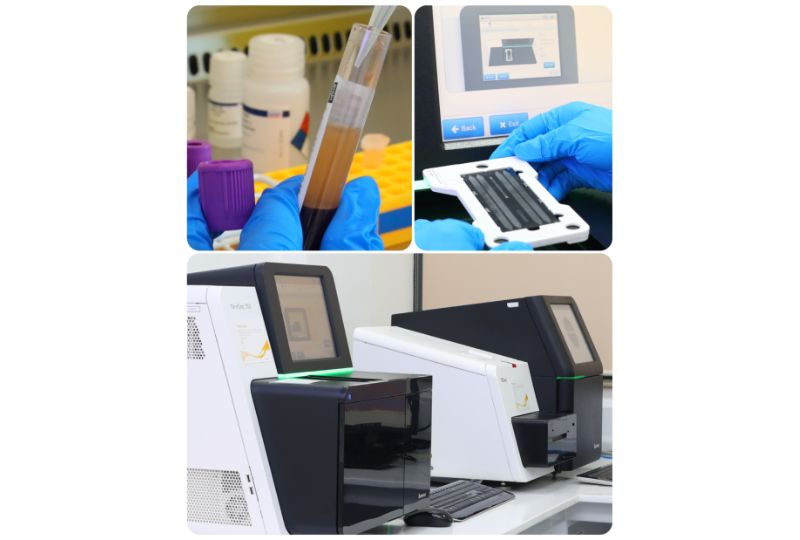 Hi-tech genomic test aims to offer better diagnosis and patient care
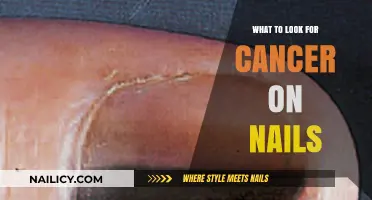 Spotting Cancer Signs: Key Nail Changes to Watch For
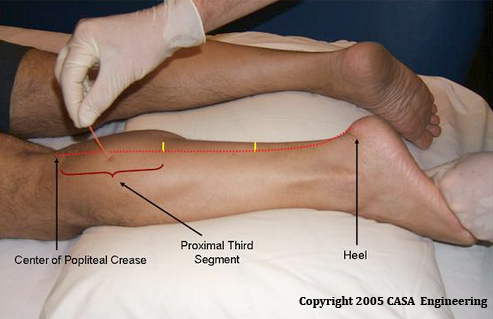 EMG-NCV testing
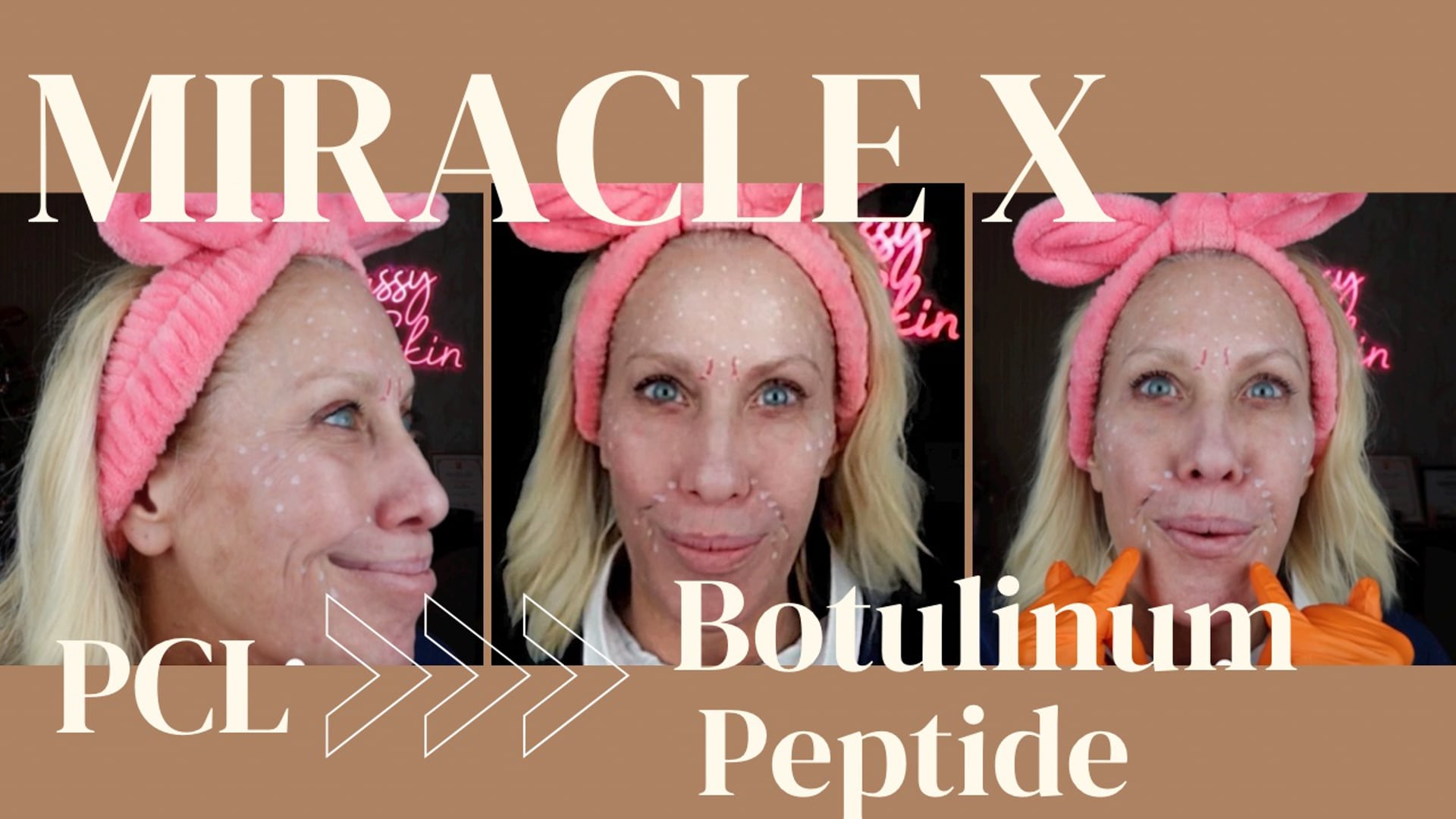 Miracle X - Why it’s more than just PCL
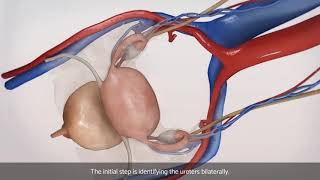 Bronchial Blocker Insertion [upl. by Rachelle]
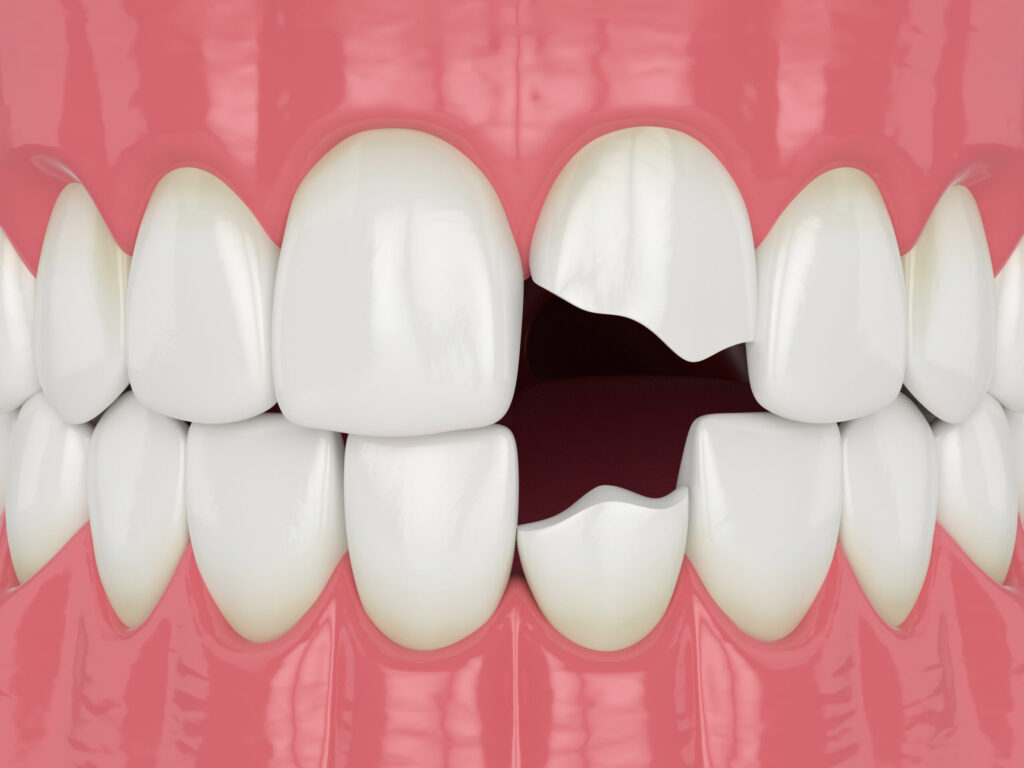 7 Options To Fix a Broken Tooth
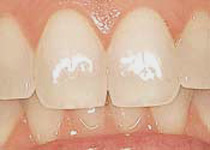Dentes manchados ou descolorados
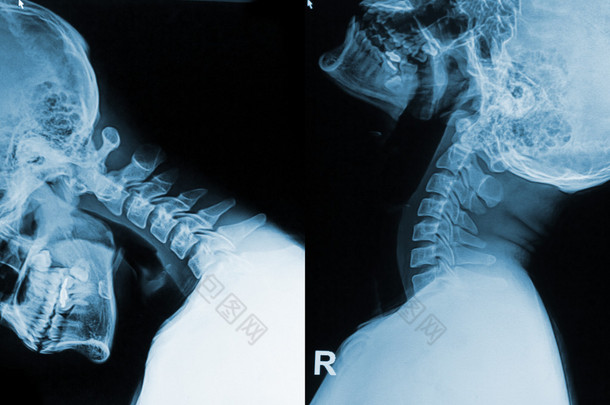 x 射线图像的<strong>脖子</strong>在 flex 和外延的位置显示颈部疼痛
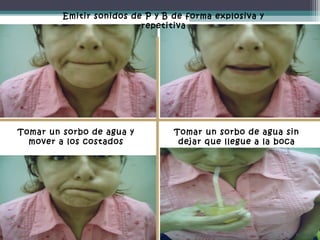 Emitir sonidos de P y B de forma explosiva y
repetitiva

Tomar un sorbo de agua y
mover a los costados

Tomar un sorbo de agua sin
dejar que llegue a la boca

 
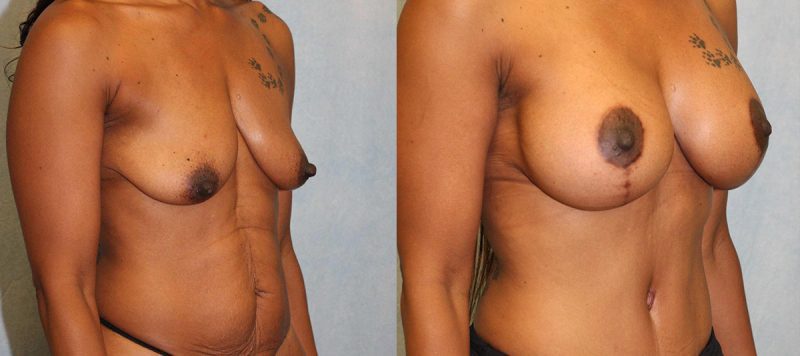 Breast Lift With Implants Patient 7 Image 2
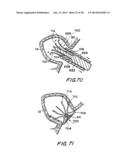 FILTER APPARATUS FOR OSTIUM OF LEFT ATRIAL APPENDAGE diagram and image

- - -

▶ TASK DESCRIPTION: The output is to be the material in full and unaltered, with pictures omitted.

▶ RESULT:
 Hi-tech genomic test aims to offer better diagnosis and patient care
 Spotting Cancer Signs: Key Nail Changes to Watch For
 EMG-NCV testing
 Miracle X - Why it’s more than just PCL
 Bronchial Blocker Insertion [upl. by Rachelle]
 7 Options To Fix a Broken Tooth
Dentes manchados ou descolorados
 x 射线图像的<strong>脖子</strong>在 flex 和外延的位置显示颈部疼痛
 Emitir sonidos de P y B de forma explosiva y
repetitiva

Tomar un sorbo de agua y
mover a los costados

Tomar un sorbo de agua sin
dejar que llegue a la boca

 
 Breast Lift With Implants Patient 7 Image 2
 FILTER APPARATUS FOR OSTIUM OF LEFT ATRIAL APPENDAGE diagram and image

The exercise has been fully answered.